South Sudan signed a second contract with a US lobbying firm, after cancelling an earlier deal with the same company that drew criticism from rights groups over its aims, documents showed.
Lobbying including lifting US sanctions and avoiding establishment of a court to try war crimes was part of the brief in the original $3.7 million, two-year contract government signed with California-based Gainful Solutions on April 2.
The new document was signed on May 3 and published on the US Justice Department website. It did not specify a fee.
Its stated aims are to improve economic and political relations between Juba and Washington, but regional observers are sceptical the essence of the contract has changed.

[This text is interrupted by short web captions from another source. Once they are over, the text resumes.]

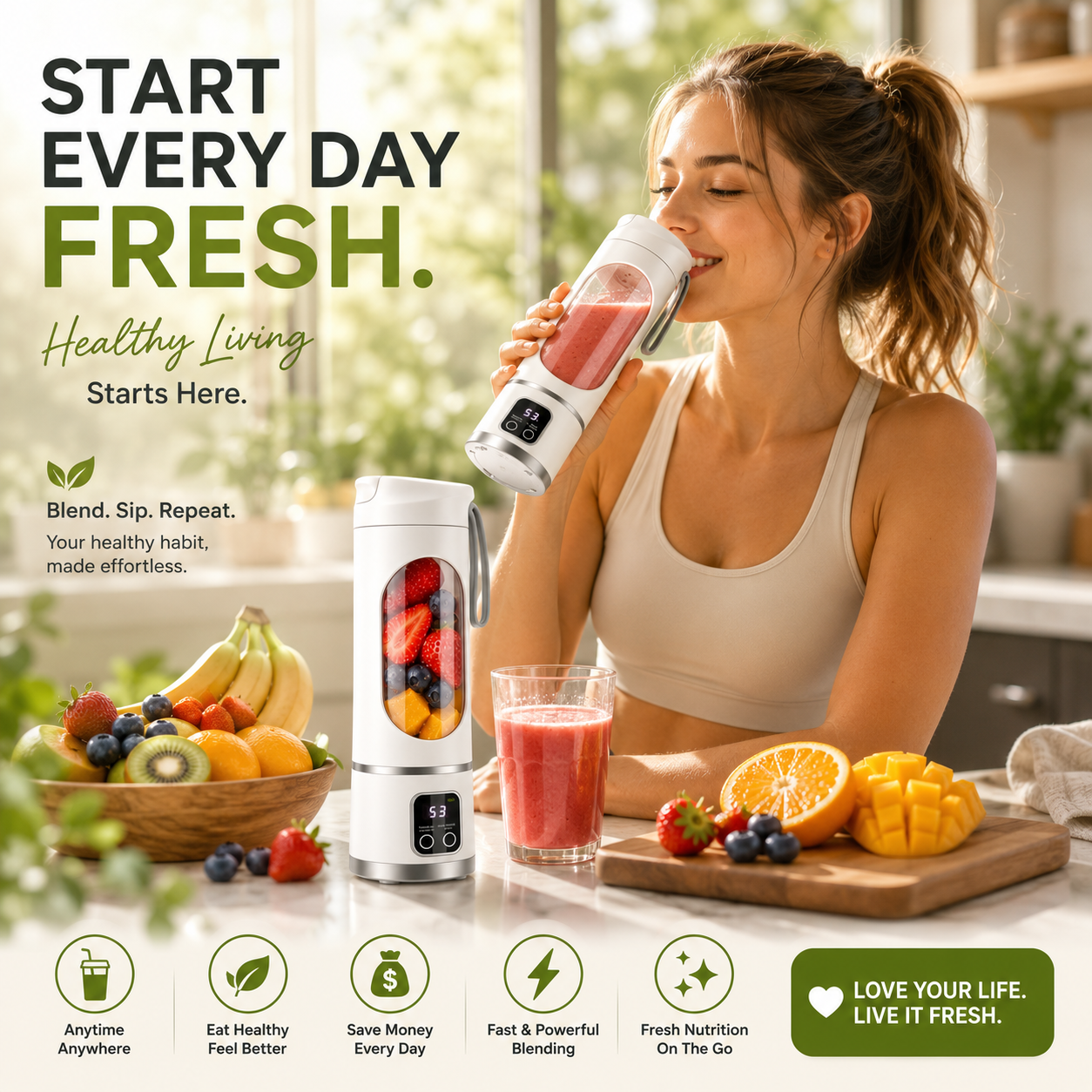 Healthy lifestyle with portable blender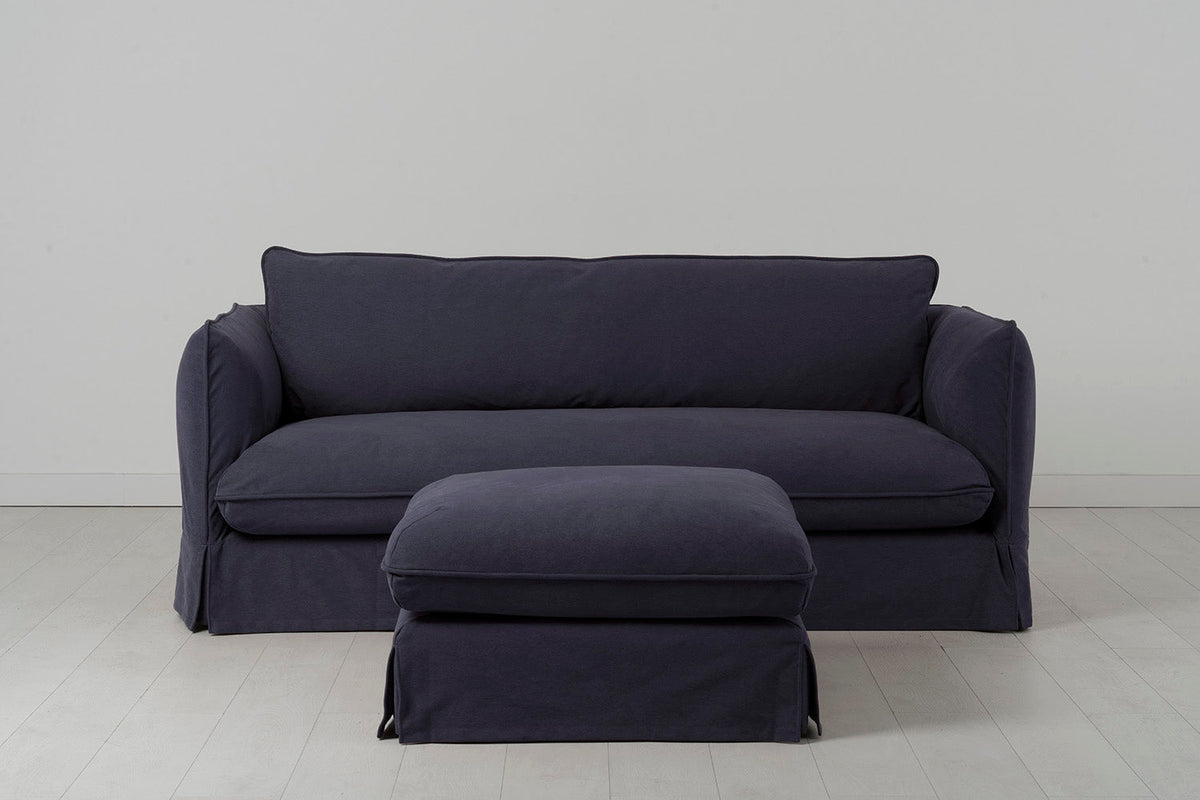 Model 18 3 Seater Sofa with Ottoman, Midnight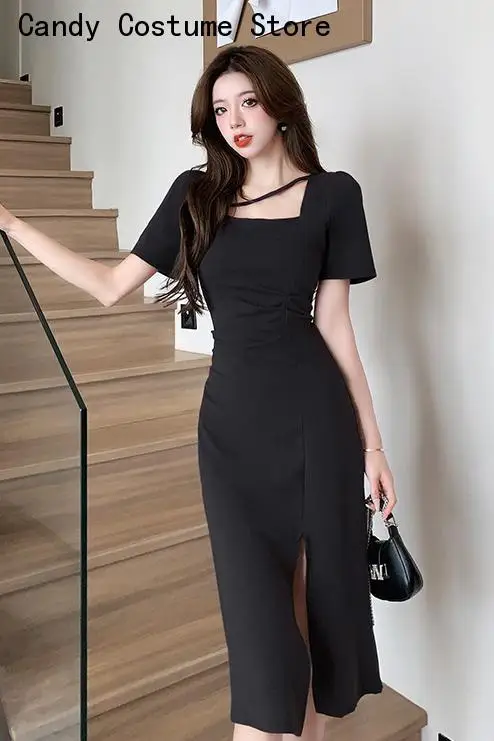 

A-Line with Short Sleeves Dresssummer Collect Waist Design Feeling Split Fold Black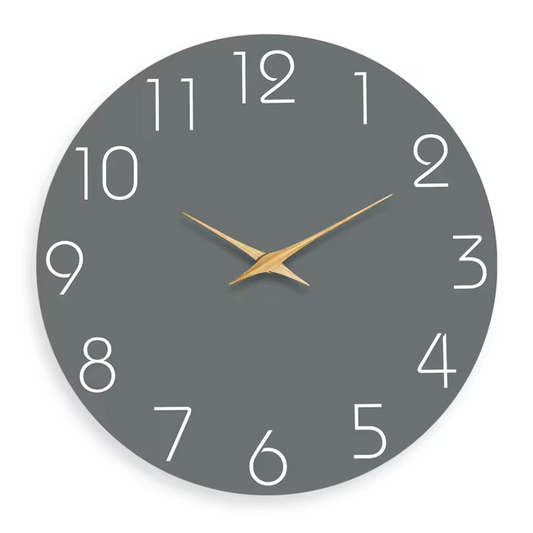 Casual Donkergrijze Houten Wandklok Silent Quartz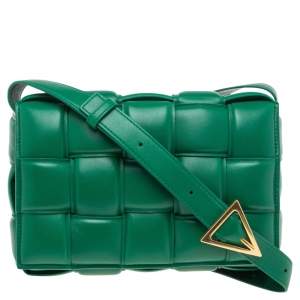 Pre Owned Bottega Veneta Green Maxi Intrecciato Leather Padded Cassette Bag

“I’m doubtful the revised contract means any substantive change to the lobbying deal,” Klem Ryan, former co-ordinator of the UN Security Council Panel of Experts for South Sudan, told Reuters.
“The rewording seems to be a response to negative publicity both the South Sudanese government and those associated with Gainful Solutions received, but not a rejection of lobbying efforts.”
Rights groups accuse government of paying to avoid justice. The new contract is “a slap in the face of victims of the horrific crimes committed in South Sudan,” said Elise Keppler, associate director of US-based Human Rights Watch.
Government did not respond to requests for comment on the old or new contract.
Gainful Solutions, which lists former US ambassador Michael Ranneberger as a partner, said “the scope of work and priorities” were not accurately addressed in the original contract.
Washington slapped sanctions on individual South Sudanese military and political figures and imposed an arms embargo in January.
The US Justice Department requires lobbyists acting on behalf of foreign agents to register the relationship.